To implement this, we do a nesting call of the forth recognizer for another lexeme and then analyze the returned type. If the returned type is not appropriate, we drop the token (from the data stack, and from the floating-point stack, if any). So we need to be sure that calling recognize-forth-lexeme
never causes any side effect (other than stacks), even when recognizing succeeds.
NB: when recognize-tick
is a part of the current forth-recognizer
, executing of recognize-forth-lexeme
on some inputs will produce indirectly recursive call of recognize-forth-lexeme
(as intended).
ruv
Tough question: The string recognizer has a side effect, which is not good. Moving that side effect to the translator is causing other problems, because
TRANSLATE-STRING
no longer has the corresponding string on the stack, but needs parsing it later.
It's pretty allowed for a translator to parse the input buffer and/or read the input stream. Some token translators will even do nesting calls of the Forth text interpreter and can throw exceptions.

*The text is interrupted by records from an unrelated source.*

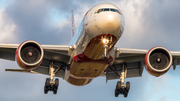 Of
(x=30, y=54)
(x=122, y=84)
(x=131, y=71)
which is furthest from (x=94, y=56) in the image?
(x=131, y=71)

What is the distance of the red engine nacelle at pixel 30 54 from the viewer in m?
27.9

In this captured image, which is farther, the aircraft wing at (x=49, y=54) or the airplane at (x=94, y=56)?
the aircraft wing at (x=49, y=54)

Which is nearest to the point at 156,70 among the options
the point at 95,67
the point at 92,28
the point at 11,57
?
the point at 95,67

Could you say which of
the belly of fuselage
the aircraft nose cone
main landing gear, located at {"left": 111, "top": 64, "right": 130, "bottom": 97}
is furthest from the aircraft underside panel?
the aircraft nose cone

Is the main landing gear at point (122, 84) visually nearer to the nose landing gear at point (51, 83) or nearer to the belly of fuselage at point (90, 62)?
the belly of fuselage at point (90, 62)

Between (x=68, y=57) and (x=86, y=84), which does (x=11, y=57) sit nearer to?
(x=68, y=57)

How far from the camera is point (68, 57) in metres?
31.2

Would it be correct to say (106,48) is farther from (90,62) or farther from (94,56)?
(90,62)

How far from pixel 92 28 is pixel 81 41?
2502 mm

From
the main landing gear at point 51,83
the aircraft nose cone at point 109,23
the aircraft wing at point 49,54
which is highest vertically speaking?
the aircraft nose cone at point 109,23

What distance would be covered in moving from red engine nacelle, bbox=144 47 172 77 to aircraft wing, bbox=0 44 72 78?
7.10 metres

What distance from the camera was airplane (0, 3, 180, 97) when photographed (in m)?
25.9

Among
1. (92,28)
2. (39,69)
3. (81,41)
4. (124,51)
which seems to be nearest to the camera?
(92,28)

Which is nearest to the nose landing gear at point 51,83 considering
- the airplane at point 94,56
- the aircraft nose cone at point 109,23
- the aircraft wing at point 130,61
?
the airplane at point 94,56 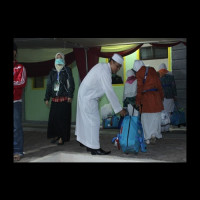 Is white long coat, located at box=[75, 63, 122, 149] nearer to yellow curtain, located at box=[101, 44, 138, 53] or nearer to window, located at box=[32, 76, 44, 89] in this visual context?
yellow curtain, located at box=[101, 44, 138, 53]

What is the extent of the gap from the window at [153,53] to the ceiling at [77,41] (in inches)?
77.8

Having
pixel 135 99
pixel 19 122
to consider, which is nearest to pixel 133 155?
pixel 135 99

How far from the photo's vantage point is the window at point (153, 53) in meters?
8.45

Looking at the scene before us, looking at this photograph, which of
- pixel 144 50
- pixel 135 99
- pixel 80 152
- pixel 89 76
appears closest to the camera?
pixel 89 76

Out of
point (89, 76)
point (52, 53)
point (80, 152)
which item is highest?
point (52, 53)

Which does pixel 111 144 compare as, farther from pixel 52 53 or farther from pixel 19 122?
pixel 52 53

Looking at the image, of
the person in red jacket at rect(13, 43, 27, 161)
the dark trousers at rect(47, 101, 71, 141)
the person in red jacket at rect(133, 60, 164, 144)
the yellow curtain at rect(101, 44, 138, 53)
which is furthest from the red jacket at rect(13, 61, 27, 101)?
the yellow curtain at rect(101, 44, 138, 53)

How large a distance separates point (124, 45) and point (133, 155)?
329cm

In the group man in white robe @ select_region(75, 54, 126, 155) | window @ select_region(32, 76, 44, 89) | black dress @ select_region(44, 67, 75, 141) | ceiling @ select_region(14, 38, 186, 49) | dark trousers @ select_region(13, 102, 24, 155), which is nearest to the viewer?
dark trousers @ select_region(13, 102, 24, 155)

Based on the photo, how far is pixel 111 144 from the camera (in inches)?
220

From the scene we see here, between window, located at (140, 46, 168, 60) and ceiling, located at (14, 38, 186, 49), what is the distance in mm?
1976

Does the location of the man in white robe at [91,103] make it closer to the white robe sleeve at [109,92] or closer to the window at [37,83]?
the white robe sleeve at [109,92]

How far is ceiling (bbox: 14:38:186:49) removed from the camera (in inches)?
248

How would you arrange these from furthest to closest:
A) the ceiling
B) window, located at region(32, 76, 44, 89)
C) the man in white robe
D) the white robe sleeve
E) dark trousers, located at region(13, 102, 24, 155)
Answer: window, located at region(32, 76, 44, 89) → the ceiling → the man in white robe → the white robe sleeve → dark trousers, located at region(13, 102, 24, 155) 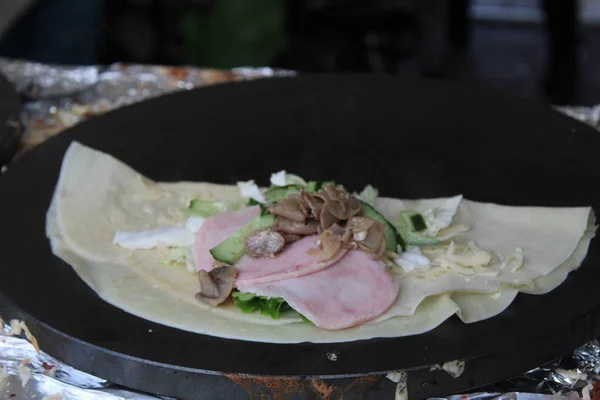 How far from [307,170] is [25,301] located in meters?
0.82

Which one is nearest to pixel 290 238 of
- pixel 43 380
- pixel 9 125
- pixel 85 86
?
pixel 43 380

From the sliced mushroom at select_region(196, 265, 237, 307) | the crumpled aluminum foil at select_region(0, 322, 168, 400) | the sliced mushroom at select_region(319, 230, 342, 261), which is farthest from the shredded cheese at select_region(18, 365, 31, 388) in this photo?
the sliced mushroom at select_region(319, 230, 342, 261)

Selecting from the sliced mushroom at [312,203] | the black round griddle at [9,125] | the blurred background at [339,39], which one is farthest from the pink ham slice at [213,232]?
the blurred background at [339,39]

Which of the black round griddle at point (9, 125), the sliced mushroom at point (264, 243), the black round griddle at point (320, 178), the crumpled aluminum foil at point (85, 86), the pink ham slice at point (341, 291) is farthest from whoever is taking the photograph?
the crumpled aluminum foil at point (85, 86)

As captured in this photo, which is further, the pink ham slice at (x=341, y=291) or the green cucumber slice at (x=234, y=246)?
the green cucumber slice at (x=234, y=246)

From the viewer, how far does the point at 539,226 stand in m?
1.84

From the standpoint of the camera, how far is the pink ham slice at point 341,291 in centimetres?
152

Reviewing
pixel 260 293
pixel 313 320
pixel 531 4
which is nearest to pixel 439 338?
pixel 313 320

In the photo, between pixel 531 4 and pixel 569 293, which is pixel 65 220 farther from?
pixel 531 4

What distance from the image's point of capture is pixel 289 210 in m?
1.70

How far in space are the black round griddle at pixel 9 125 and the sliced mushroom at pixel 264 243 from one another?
37.5 inches

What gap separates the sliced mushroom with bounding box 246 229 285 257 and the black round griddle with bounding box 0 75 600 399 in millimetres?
232

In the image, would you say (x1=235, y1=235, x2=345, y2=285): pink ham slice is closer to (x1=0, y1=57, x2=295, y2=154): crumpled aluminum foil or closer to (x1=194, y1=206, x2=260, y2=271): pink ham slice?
(x1=194, y1=206, x2=260, y2=271): pink ham slice

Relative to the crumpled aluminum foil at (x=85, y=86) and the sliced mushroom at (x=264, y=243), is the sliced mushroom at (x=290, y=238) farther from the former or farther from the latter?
the crumpled aluminum foil at (x=85, y=86) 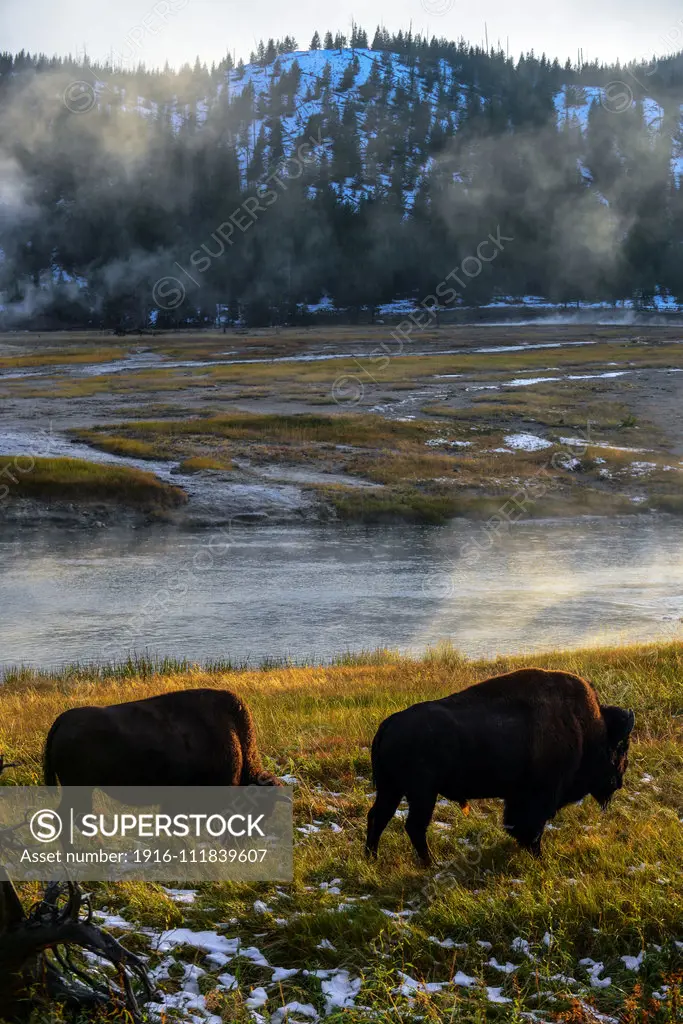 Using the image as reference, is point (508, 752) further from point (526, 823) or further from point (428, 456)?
point (428, 456)

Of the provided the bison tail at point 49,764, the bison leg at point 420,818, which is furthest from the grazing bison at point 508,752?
the bison tail at point 49,764

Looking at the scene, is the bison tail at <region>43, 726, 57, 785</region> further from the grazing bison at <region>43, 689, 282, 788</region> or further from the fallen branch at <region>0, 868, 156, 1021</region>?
the fallen branch at <region>0, 868, 156, 1021</region>

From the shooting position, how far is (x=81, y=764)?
677 centimetres

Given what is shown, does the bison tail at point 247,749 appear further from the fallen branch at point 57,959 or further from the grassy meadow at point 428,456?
the grassy meadow at point 428,456

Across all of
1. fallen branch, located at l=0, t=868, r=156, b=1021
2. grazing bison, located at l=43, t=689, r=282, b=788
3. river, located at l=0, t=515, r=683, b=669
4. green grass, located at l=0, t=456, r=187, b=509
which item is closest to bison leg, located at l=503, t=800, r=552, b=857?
grazing bison, located at l=43, t=689, r=282, b=788

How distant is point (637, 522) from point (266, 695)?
25.2 m

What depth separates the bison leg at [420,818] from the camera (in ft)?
22.1

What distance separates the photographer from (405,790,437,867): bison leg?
22.1 feet

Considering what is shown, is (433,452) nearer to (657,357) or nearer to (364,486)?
(364,486)

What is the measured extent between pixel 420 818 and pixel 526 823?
3.08 feet

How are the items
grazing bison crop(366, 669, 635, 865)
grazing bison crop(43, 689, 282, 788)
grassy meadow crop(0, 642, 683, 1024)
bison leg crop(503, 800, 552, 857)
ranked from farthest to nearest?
bison leg crop(503, 800, 552, 857) → grazing bison crop(43, 689, 282, 788) → grazing bison crop(366, 669, 635, 865) → grassy meadow crop(0, 642, 683, 1024)

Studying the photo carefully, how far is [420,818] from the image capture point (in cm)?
688

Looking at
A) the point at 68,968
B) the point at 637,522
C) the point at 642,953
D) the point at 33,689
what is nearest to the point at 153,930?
the point at 68,968

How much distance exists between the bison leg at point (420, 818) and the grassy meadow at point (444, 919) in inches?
7.8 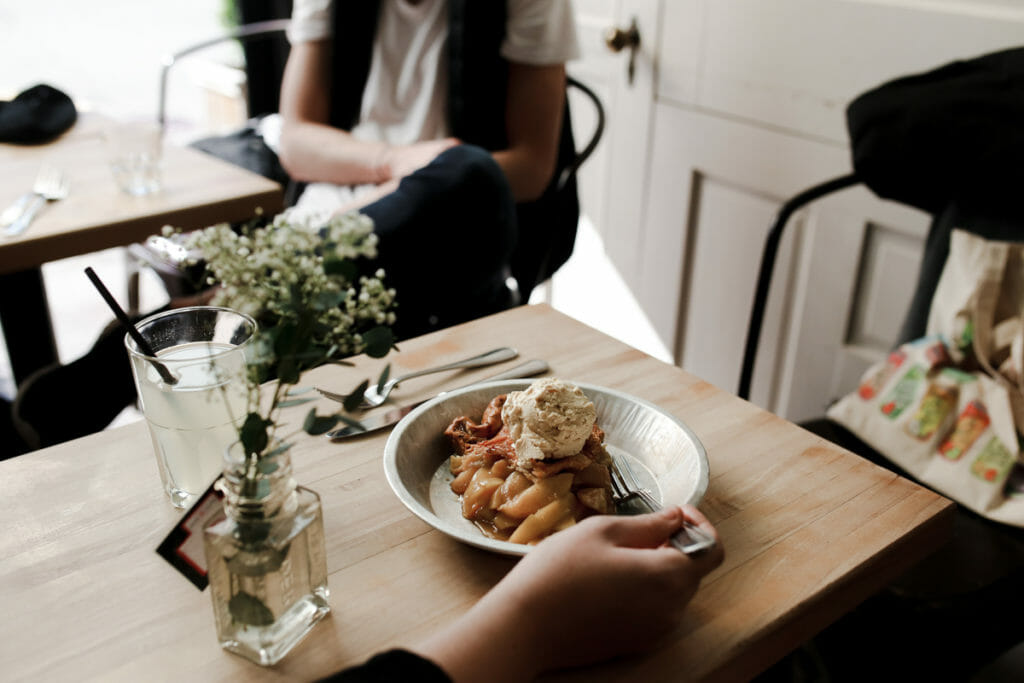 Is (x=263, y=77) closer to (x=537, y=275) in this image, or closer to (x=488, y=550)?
(x=537, y=275)

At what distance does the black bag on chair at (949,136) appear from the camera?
121 centimetres

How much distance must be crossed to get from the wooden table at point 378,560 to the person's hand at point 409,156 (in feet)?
2.39

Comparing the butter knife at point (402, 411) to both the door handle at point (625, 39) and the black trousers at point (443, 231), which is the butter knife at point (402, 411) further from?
the door handle at point (625, 39)

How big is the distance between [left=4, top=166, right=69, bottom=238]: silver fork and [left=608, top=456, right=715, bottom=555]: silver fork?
3.13 ft

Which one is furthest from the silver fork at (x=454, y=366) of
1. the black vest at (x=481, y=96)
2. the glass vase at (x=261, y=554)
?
the black vest at (x=481, y=96)

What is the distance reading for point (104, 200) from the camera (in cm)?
140

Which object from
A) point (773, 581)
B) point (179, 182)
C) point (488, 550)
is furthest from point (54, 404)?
point (773, 581)

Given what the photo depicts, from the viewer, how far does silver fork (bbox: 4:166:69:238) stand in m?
1.27

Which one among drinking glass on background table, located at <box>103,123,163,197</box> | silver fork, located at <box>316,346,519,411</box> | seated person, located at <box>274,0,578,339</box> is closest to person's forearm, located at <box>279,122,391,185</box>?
seated person, located at <box>274,0,578,339</box>

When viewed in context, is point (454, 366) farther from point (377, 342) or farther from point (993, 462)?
point (993, 462)

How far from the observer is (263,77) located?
10.2ft

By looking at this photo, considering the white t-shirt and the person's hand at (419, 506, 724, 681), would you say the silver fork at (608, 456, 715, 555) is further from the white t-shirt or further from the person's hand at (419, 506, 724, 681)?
the white t-shirt

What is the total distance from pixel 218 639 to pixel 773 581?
44 centimetres

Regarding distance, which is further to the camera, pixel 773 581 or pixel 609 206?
pixel 609 206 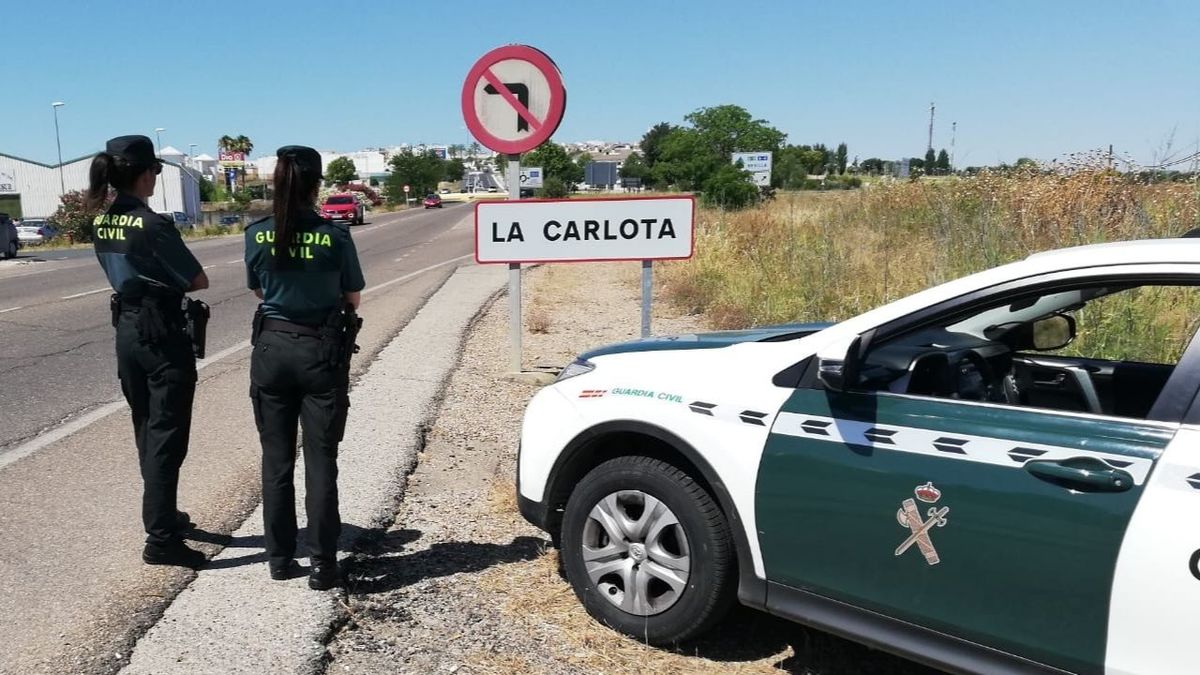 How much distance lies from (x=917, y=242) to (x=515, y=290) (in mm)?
7650

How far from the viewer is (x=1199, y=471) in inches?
83.3

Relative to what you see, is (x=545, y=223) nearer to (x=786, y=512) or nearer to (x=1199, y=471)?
(x=786, y=512)

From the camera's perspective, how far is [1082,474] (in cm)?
226

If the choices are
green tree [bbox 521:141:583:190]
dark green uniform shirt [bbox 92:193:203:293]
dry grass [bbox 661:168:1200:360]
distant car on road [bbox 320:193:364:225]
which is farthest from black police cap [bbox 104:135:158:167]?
→ green tree [bbox 521:141:583:190]

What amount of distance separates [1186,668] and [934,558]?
24.7 inches

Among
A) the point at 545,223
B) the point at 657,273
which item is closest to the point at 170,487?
the point at 545,223

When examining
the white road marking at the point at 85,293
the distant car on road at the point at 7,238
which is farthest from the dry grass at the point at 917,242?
the distant car on road at the point at 7,238

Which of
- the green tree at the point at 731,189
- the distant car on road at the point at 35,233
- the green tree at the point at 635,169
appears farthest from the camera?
the green tree at the point at 635,169

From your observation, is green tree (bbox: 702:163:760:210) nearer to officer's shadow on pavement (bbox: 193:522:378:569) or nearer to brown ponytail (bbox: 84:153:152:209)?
officer's shadow on pavement (bbox: 193:522:378:569)

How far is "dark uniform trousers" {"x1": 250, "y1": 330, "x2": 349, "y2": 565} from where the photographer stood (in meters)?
3.50

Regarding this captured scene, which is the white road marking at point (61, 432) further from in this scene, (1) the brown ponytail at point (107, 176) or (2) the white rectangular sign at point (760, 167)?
(2) the white rectangular sign at point (760, 167)

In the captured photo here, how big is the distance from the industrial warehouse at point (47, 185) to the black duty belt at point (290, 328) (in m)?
89.1

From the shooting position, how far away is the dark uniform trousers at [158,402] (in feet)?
12.4

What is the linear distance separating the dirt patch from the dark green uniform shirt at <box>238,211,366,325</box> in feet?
3.99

A problem that a part of the string can be in the input buffer (or even in the input stream) is solved via introducing two translators for strings: one accepts the full string from the stack (e.g.
tt-slit
), and another (e.g.tt-slit-parsing
) accepts the starting part from the stack, and the tail from the input buffer (or input stream). The string recognizer returns one or another depending whether a lexeme is a completed string, or the start of the string only.
I published a reference implementation in 2019, and now updated it for the current proposal.
A string recognizer can be as follows:
: quot ( -- sd.quot ) s\" \"" ;
: recognize-string ( sd.lexeme -- sd tt.slit|tt.slit-parsing | 0 )
quot match-head 0= if 2drop 0 exit then quot match-tail if ['] tt-slit exit then
2dup quot contains if 2drop 0 exit then \ fail if '"' is found in the middle of the string
['] tt-slit-parsing
;
BerndPaysan
The code which I have simply looks like this:
['] translate-string of json-string! endof
Returning something half-done isn't a good idea and makes maintaining this code difficult, as all other possibles results (like ints, floats or such) are fully converted into something useful at this stage.
Thinking a bit more about that, I found:
- The thing you want to nest is the translator for names
- As I said, names should be first, numbers second and the rest third
- We have nestable recognizer sequences
So one solution would be to put all recognizers that return nts+translate-nt (or variants of that, e.g. locals have a variant of translate-nt that differs for postpone) in one recognizer stack, which has a name, and can be called without calling the entire recognizer stack. These recognizers have now a predictable effect, and no side effect. Since you can't tick locals, you still have to check for translate-nt
, but that's ok. You don't have to go through all weird other recognizers.
In Gforth, .recognizers
now can handle and display nested recognizers, and if you split this up like that, it would output:
.recognizers ~names ( ~nt ( Forth Forth Root ) ~scope ) ~numbers ( ~num ~float ) ~others ( ~string ~to ~dtick ~tick ~body ~complex ~env ~meta )
The ~
is there to abbreviate recognize-
(or rec-
now).
This also makes it easier to add recognizers where they belong, e.g. when you add the scope recognizer, you just push them to the end of the the names recognizer stack. If you add the floating point recognizer, the complex recognizer (both are numbers), or the hex floating point recognizer for exact notation of floating point constants, you just push them to the back of the numbers recognizer stack, and they get ahead of the others. I like this solution.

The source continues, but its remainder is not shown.